To state the very obvious: If you assume for the sake of discussion
that the programmer of a hypothetical imperative query language is
infinitely capable and dedicated, and so is at least as capable as any
possible query optimizer, the optimizer still comes out ahead, because
it is capable of producing a different, better query plan as the
underlying data changes. Of course, it's also true that it's very hard
to beat the query optimizer under ideal conditions.

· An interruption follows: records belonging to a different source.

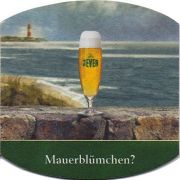 14567: Германия, Jever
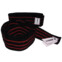 BioTech USA Brutal AKP - 820 knee bandage 200 cm 1 pair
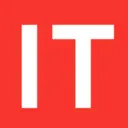 Business IT Limited
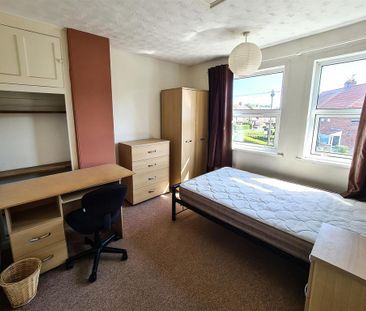 3 bedroom house to rent - Photo 1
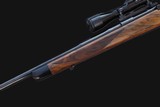 Custom FN Mauser 98 RIfle .264 Win Mag - Image 21 of 25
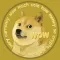 DogeChecker - Dogecoin Checker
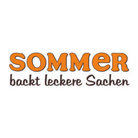 Bäckerei Sommer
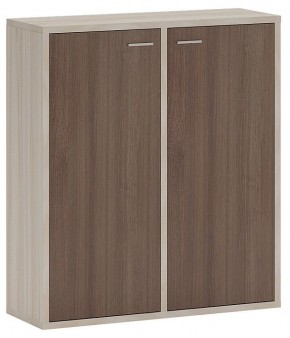 Тумба Домино СУ(ш2в1)+2ФГ в Когалыме - kogalym.mebel24.online | фото 2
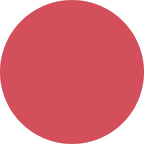 Essence Glossy Glaze High Shine Lipstick 03 Pink Things Up-3
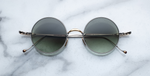 Jacques Marie Mage | Diana Electrum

However, the OP seemed to be describing something that maps imperative
code to a declarative SQL query or something equivalent, which isn't
quite the same thing. The declarative nature of SQL feels restrictive
or at least unfamiliar to many programmers. What is often somehow
missed is that it's restrictive in a way that's consistent with how
the relational model is supposed to work. It seems hard to some
programmers because you have to formulate your query in terms of an
outcome, not in terms of a series of steps that can be added to
iteratively, as a snippet of code is written. It's very different to
something like bash, because it requires a little bit of up-front,
deliberate mental effort. And, because performance with many different
possible outputs matters rather a lot.

IMV, what the OP describes wouldn't work well because it would
superficially *appear* to not be restrictive in the way that some
people dislike, but actually would be just as restrictive. The only
way you could write it is by imagining what the SQL it produced looks
like. Or, if I've misunderstood his point, then it wouldn't work
because of the same reason that things like CODASYL are obsolete.

Some developers don't like SQL because they don't have a good
intuition for how the relational model works. While SQL does have some
cruft -- incidental complexity that's a legacy of the past -- any
language that corrected SQL's shortcomings wouldn't be all that
different to SQL, and so wouldn't help with this general problem. Quel
wasn't successful because it was only somewhat better than SQL was at
the time.

This is a conversation that I had a few times when I worked for
Heroku, with coworkers that weren't on the database team. They asked
similar questions. It took me a while to piece this together.